Assisted by Professor Reynir Geirsson, chairman of the Department of Obstetrics and Gynecology at the National University Hospital, the researchers compiled a list of all 750 women in Iceland who had a surgical diagnosis of endometriosis between 1981 and 1993. This list was then run against deCODE’s geneaology database to analyse the women’s family connections. Applying several measures of familiality, deCODE’s scientists demonstrated that the affected women were significantly more interrelated than matched control groups, highlighting the involvement of inherited factors. All data on individuals in this research were anonymized and encrypted by the Icelandic government’s Data Protection Authority.
Although other research has reported an increased risk of endometriosis between first-degree relatives with the disease, this is the first in the world to demonstrate the link with cousins.
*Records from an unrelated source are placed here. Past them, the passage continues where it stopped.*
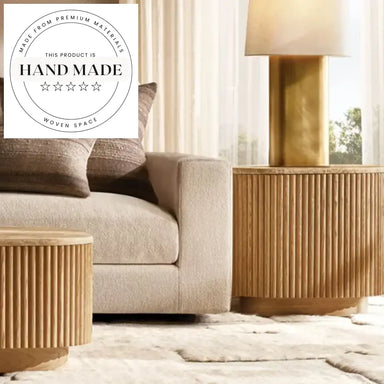 Modern Rectangular Solid Wood Storage Living Room Corner Side Table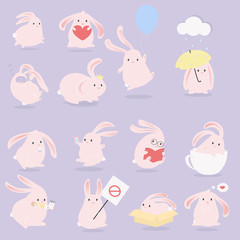 Set of cartoon characters. Bunny in everyday life and actions.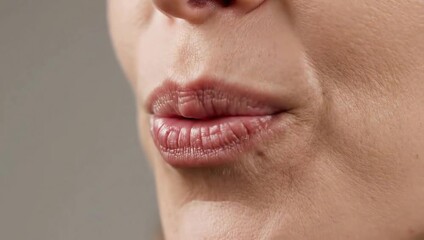 Close up of woman mouth practicing diction and pronouncing vowels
“It is extremely difficult in most countries to discover whether second, third and fourth degree relatives – and even more distant relatives – have the disease. This is due in part to the fact that endometriosis requires invasive surgery for accurate diagnosis, and is thus severely under diagnosed. Furthermore, people often don’t know who their non-immediate relatives are or, if they do, may not feel close enough to speak about medical histories,” said Dr Stefansson. “This has made it exceedingly difficult for researchers elsewhere to look at the disease beyond the nuclear family.”
Commented Professor Geirsson: “We found that among sisters there was a 5.2-fold increase in the risk of being diagnosed with endometriosis. The risk among first cousins was lower, but still significantly higher than in the control groups. Sisters share half of their genomes, but cousins share 12.5% and the difference seen for the latter group may therefore more accurately reflect the genetic liability.”
The research team emphasised that establishing the link between cousins was a crucial achievement. By looking at the population as a whole rather than just immediate family groups, and by counting only one member of each cluster of first degree relatives when calculating the relatedness of those with the disease, they had minimised bias. They had also gained a much more accurate picture of endometriosis risk in a society, rather than simply in a nuclear family. From the inheritance pattern seen in the study it was also evident that the genetic factors involved in endometriosis can be inherited through paternal as well as maternal lines.
One message to emerge from the study is that women who want children but have endometriosis in the family might consider pregnancy earlier rather than later in their reproductive life, as the condition does tend to progress with time. Also, if a woman had many of the symptoms of endometriosis and a relative with the condition, she and her doctor may want to consider having a laparoscopy to confirm or rule-out the condition.